Pina est clairement aux côtés des dieux, là-haut. D’où le fait qu’elle puisse se permettre de suggérer que, hommes, canards, c’est la même chose ! Bien sûr ! Là est le miracle de ce spectacle : Pina Bausch nous met en condition pour le reconnaître. Elle nous sauve, durant deux heures cinquante, de notre inanité. Sans pour autant être le moins du monde pesante ou moralisatrice. Non, c’est tout simplement la vérité. Et, au mieux, que peuvent-ils faire ensemble, ces canards d’hommes ? Des portées de gamins. « Un succès ! », comme le précise la voix off du documentaire. Insondable humour. Qu’est-ce qui distingue, finalement, l’homme de l’animal ? L’homme est capable de dire, dans le cadre d’un spectacle artistique, qu’il n’est pas différent d’un animal. Drôle d’animal !…
Pina Bausch déjoue les plans de la mort
En voyant ce spectacle, à deux reprises, j’ai tourné la tête vers ma droite où je croyais apercevoir une masse noire mouvante, du coin de l’œil. Cela était en fait dû aux reflets des danseurs sur des parois de la salle du théâtre de la Ville. Mais, durant un dixième de seconde, ne me demandez pas pourquoi, je me suis dit que cette ombre, c’était la mort. Elle sait très bien qu’il n’y a, habituellement, rien à voir au théâtre de la Ville. Sinon des chorégraphies souvent maladroites, durant lesquelles le quart de la salle s’enfuit au bout d’une demi-heure. Mais là, pour Pina Bausch, elle vient, la mort, elle reste jusqu’au bout, comme tous les spectateurs. Elle vient voir le travail de cette satanée Pina, l’une des seules petites bipèdes qui ait vu clair dans ses plans.

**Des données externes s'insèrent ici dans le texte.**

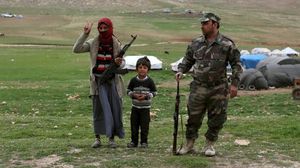 تجنيد أطفال الإيزيديين للدفاع عن أنفسهم من هجمات تنظيم الدولة ـ سالايت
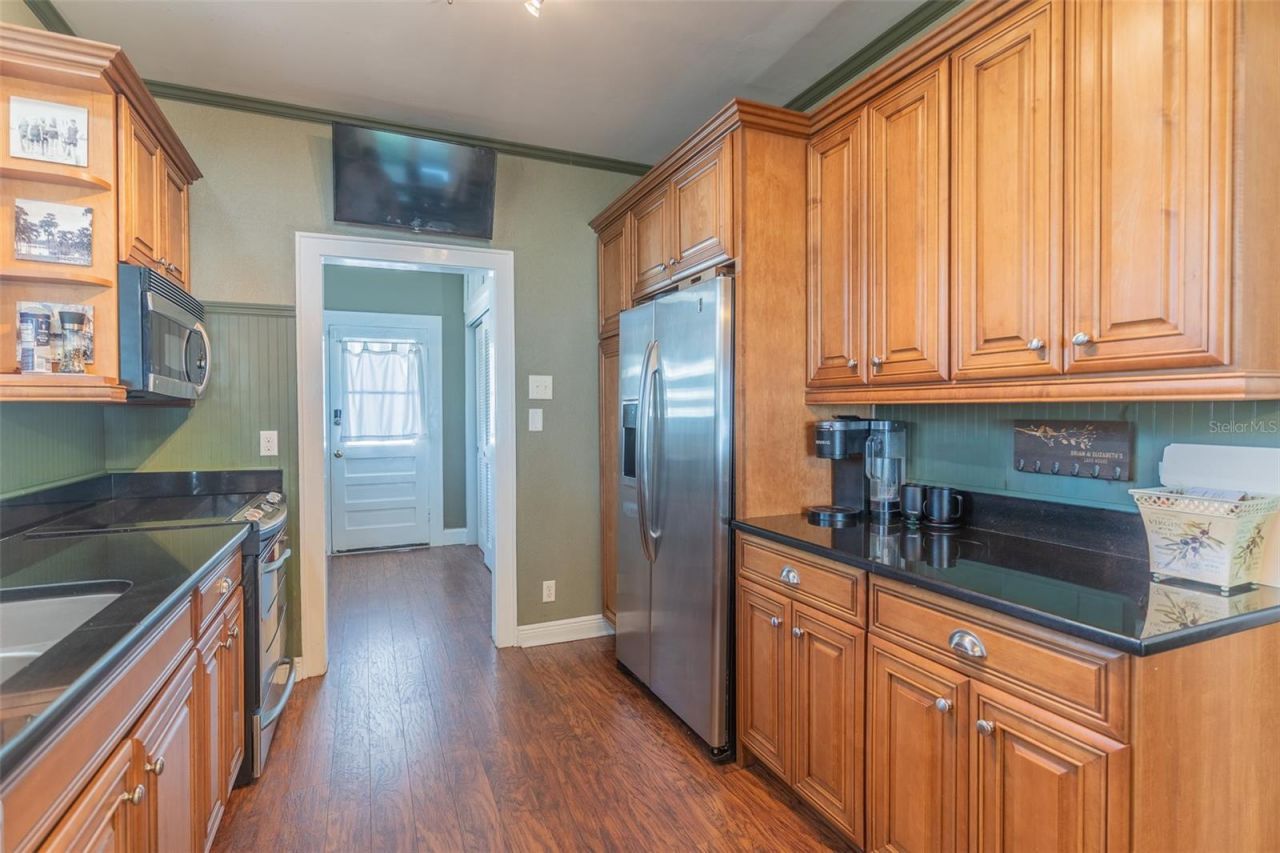 1433 N Lake Howard Drive, Winter Haven, FL 33881 Photo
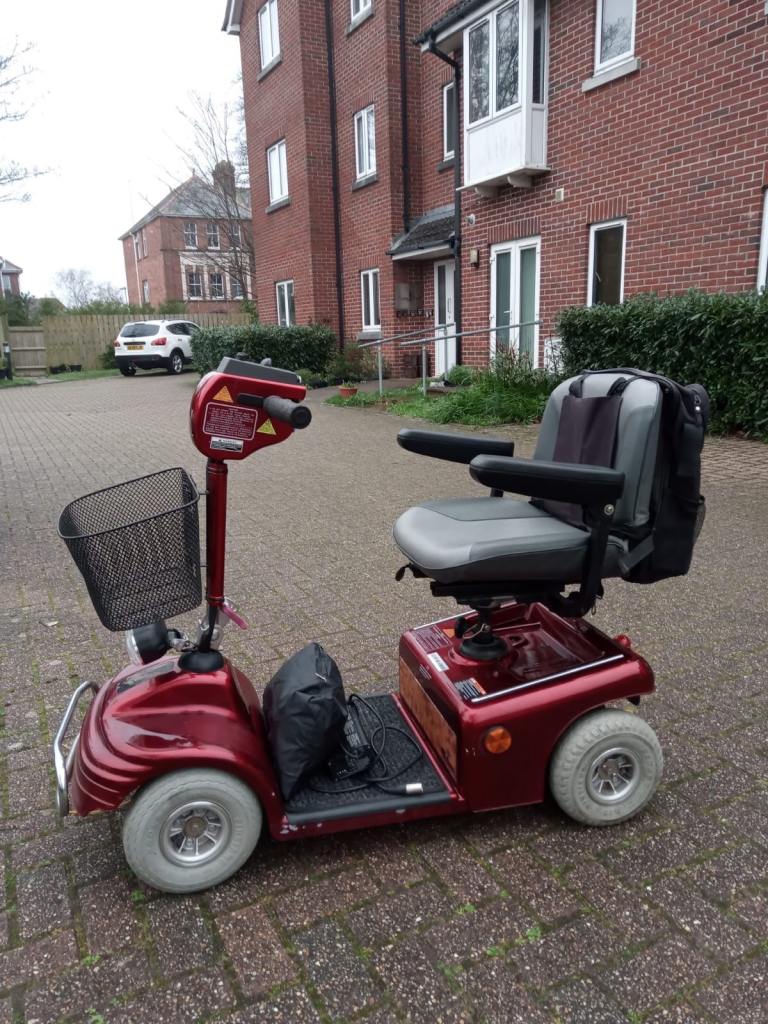 Mobility shopper scooter 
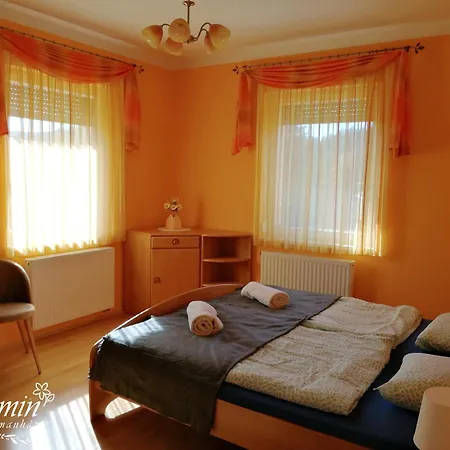 Jazmin Apartmanhaz * Szentgotthárd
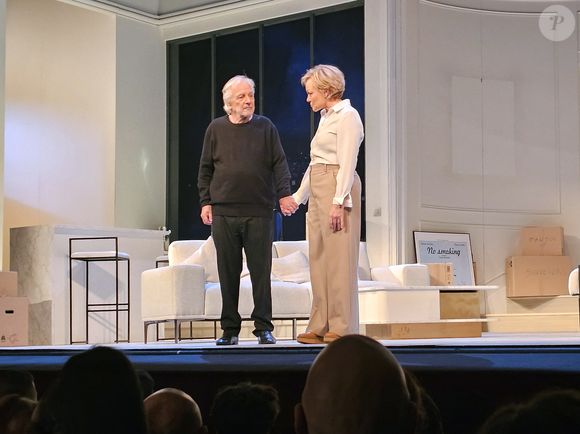 Exclusif - Muriel Robin et Pierre Arditi saluent le public à la fin de la dernière de la pièce « Lapin » au Théâtre Édouard VII à Paris. Le 6 Janvier 2024. 
© Bertrand Rindoff / Bestimage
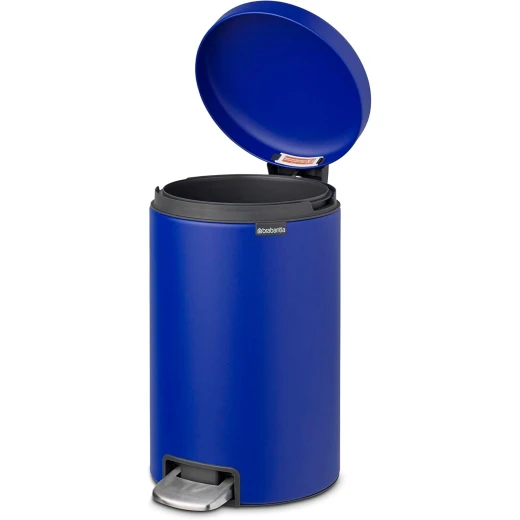 Brabantia - NewIcon Pedal Bin 12L - Medium Waste Bin for Kitchen or Bedroom - Soft Closing Lid - Light Pedal Operation - with Removable Inner Bucket - Non-Slip Base - Powerful Blue - 25 x 34 x 41 cm - Brabantia - Image 8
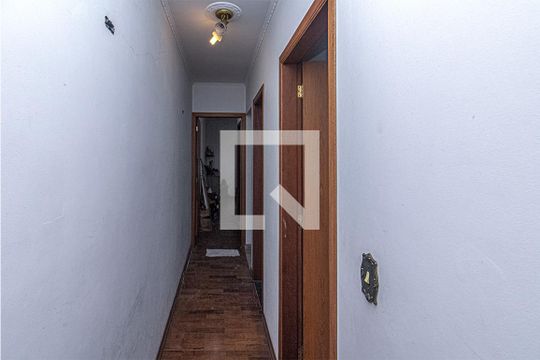 corredor para os cômodos superiores_2 de casa à venda com 3 quartos, 100m² em Jardim Maria Estela, São Paulo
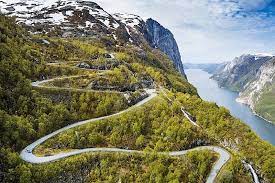 This is hardly surprising considering the spectacular rock formations the pulpit rock (preikestolen) and kjeragbolten, the latter of which is a prime destination for base jumpers. Lysebotn Shefalitayal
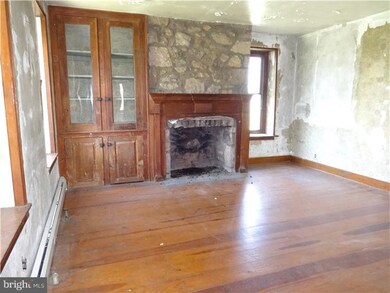 3827 Schuylkill Rd, Spring City, PA 19475 - photo 7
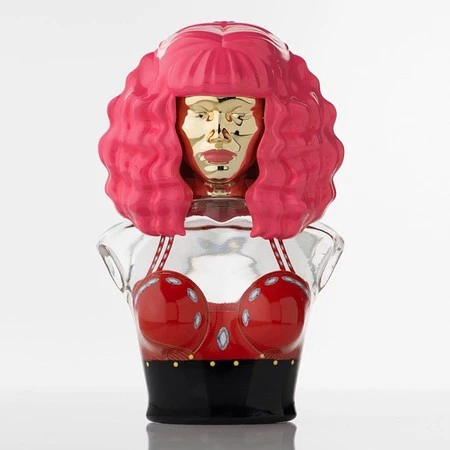Nicki Minaj suma y sigue en su colección de perfumes con Minajesty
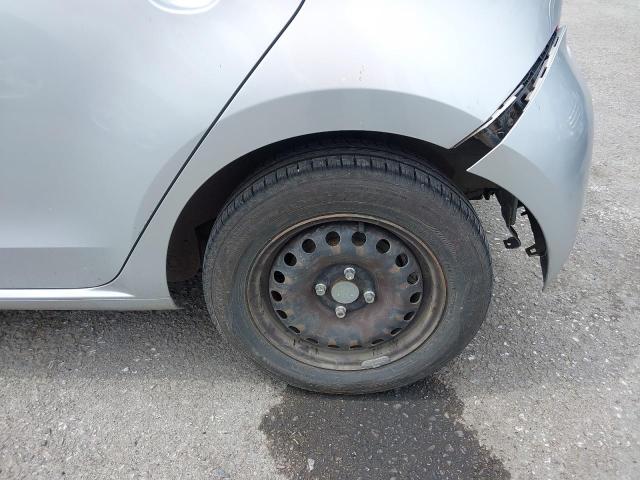 2014 VOLKSWAGEN MOVE UP BL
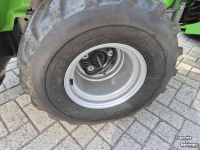 Radlader Avant 735i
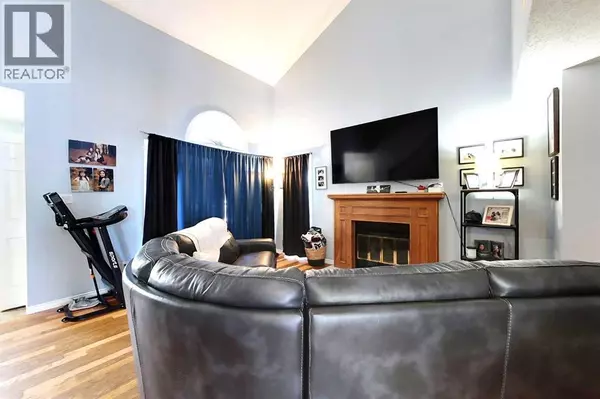 Slave Lake, AB T0G2A3,600 10 Avenue SE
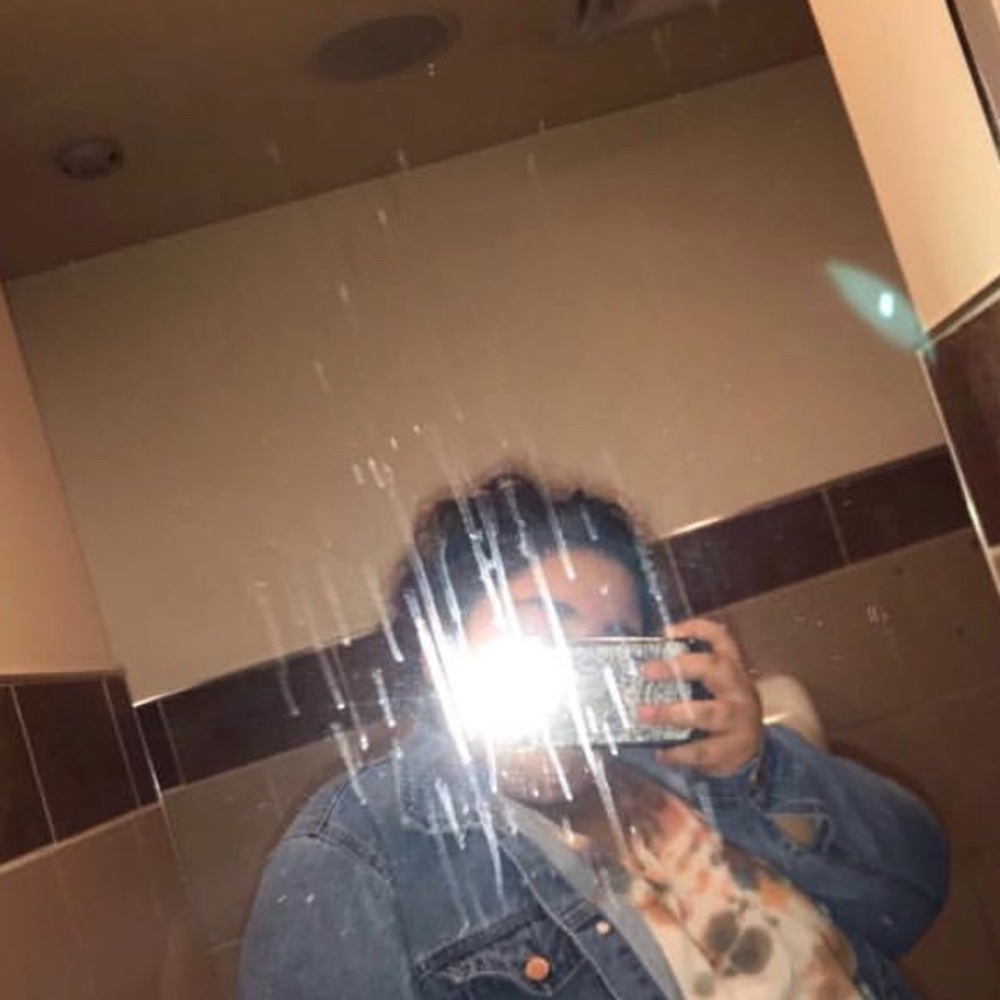 Meet your Posher, Nialee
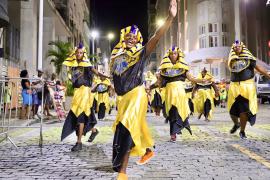 Bloco Afro Jogo de Ifá desfilou com trajes inspirados no Egito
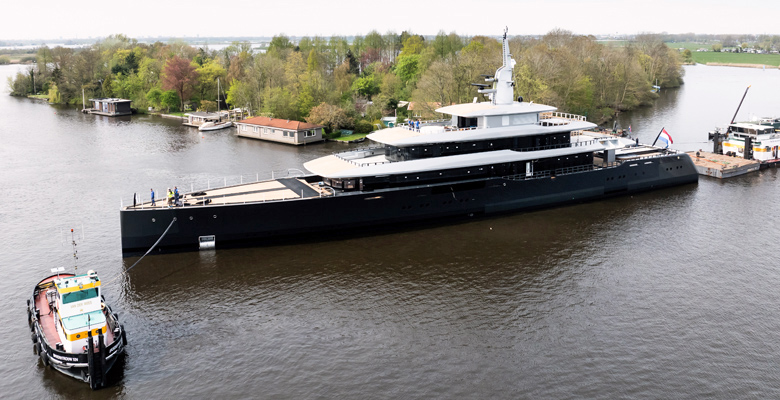 Feadship yacht Project 826 launch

Elle vient voir, la faucheuse, et se dit que cette satanée Pina a réussi, encore réussi à la démasquer. Pina Bausch n’était pas prévue au programme des humanoïdes. La mort prospère par la bonne santé des fantasmes, Pina emploie tout son talent à les démythifier. Si tout le monde l’écoutait, il n’y aurait plus de guerre. Voilà pourquoi la mort est jalouse.
Je ne sais pas si la mort était vraiment là, dans la salle, mais elle devrait se montrer furieuse devant chaque représentation de Kontakthof. Il y a tant de pièges disposés sur la route pour aveugler ces humains ! La sexualité, le jeu social, la jalousie… Parce qu’au fond c’est la mort qui les fait tous tourner en rond, comme les personnages du spectacle. Au pas !
Pina, elle, n’a jamais marché à tout ça. Elle a choisi la danse.
Le spectacle de l’année! Il n’y a pas à dire. Quand Pina Bausch est dansée à Paris, elle rafle tout sur son passage. Quelle lucidité! Quelle intelligence! Quand on voit ce type de spectacle, on en a pour des semaines de réflexions. Merci Pina!